Dear Daily Californian,
For an editorial that attempts to stray from simple “dichotomies”, April 18th’s take on the Antifa (Antifascist) presence does little to impart any complexity into the recent riots in Berkeley. For all its early wholesome message that, “Kids, there’s no clear right and wrong here,” the Antifa are swiftly named the heroes for their brave efforts to “protect” minority communities.

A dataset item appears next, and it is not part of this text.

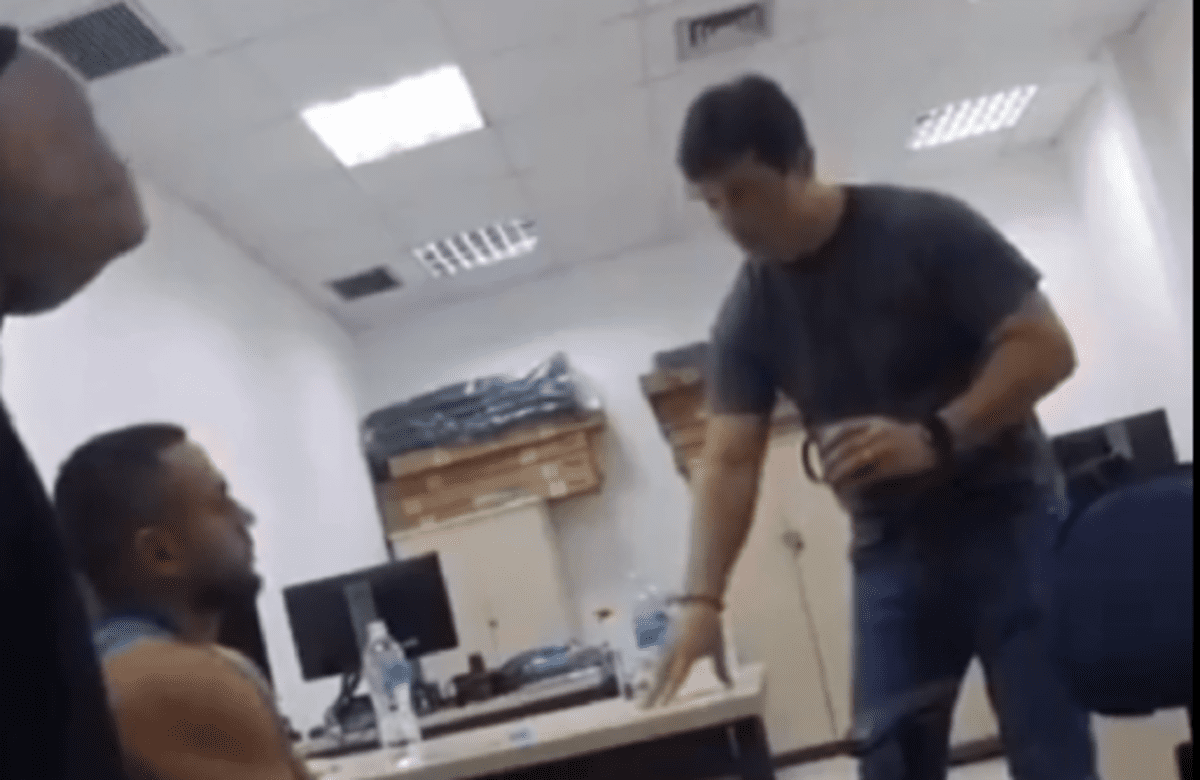 Traficante tentou oferecer R$ 10 mil a cada um dos agentes na sala. (Foto: Captura)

Amusingly, the dissenting opinion shows more clarity than the former, that this fight after fight has not wavered anyone’s ideological commitments, and that polarization further perpetuates this violence because we continue to fail to understand the violence itself. I mean, what is there to understand when you self-righteously embolden yourself as the acolytes of free speech or the saviors of minorities against the encroaching threat of fascism? Alternatively, the majority opinion does little to affirm any skepticism in a movement named after “Antifascist” yet rather eager to brutalize dissenters with U-locks, and then attempts to argues that the presence of neo-Nazis and white nationalists within the protests should conclude any remaining speech advocacy amongst onlookers. Was it not the American Civil Liberties Union that asserted, after their defense of groups such as NAMBLA and Neo-Nazists, that the “defense of freedom of speech is most critical when the message is one most people find repulsive”? Instead of this courageous slant against the violence, the Daily Cal editorial board doubles down, confident that the Antifa as a reactionary response to incendiary speech absolves it from its actions.

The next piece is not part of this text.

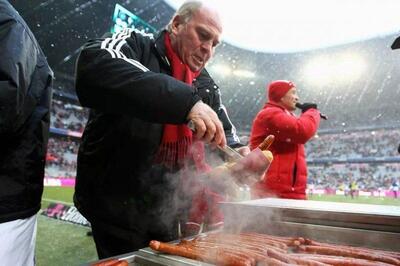 اقدام عجیب آلمانی‌ها برای فروش بیشتر سوسیس در استادیوم‌ها!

A more presumptuous conclusion is that not only should the Antifa be disassociated from its actions (not similar to when the Editorial rightfully associated Yiannopoulos to a history of “incendiary, useless harassment”), but that the “net consequences of its actions were that neo-Nazis and white-supremacist groups with violent rhetoric were denied a platform to speak in the city of Berkeley”. While this seems all dandy at first glance, it somehow insinuates that the incident happily results in the safety of minority communities; though I have yet to see how the feats of violence in Berkeley will defend immigrants from ICE, stall the present consideration of police practices that eventually fall under racial profiling, or the transgender communities in any way? Furthermore, in an earlier article by the Daily Cal, Sakura Cannestra reports that according to a campuswide email, the “damage inflicted upon campus property” during the Milo protest was, by no means, a small fee and “was estimated to cost $100,000”; the payment for this security enforcement on the behalf of the Antifa was not simply the refusal to allow speech, however repulsive it may be. There are clear, material costs to the violent protests; costs that don’t take into consideration the average students’ payments and loans, the average Californian taxpayer’s contributions, or the federal funds we are using. If Yiannopoulos is to be considered not a “productive member of society” nor belongs here with his rhetoric, by the standards of February’s editorial opinion, then how do we go about Antifa-ing the Antifa?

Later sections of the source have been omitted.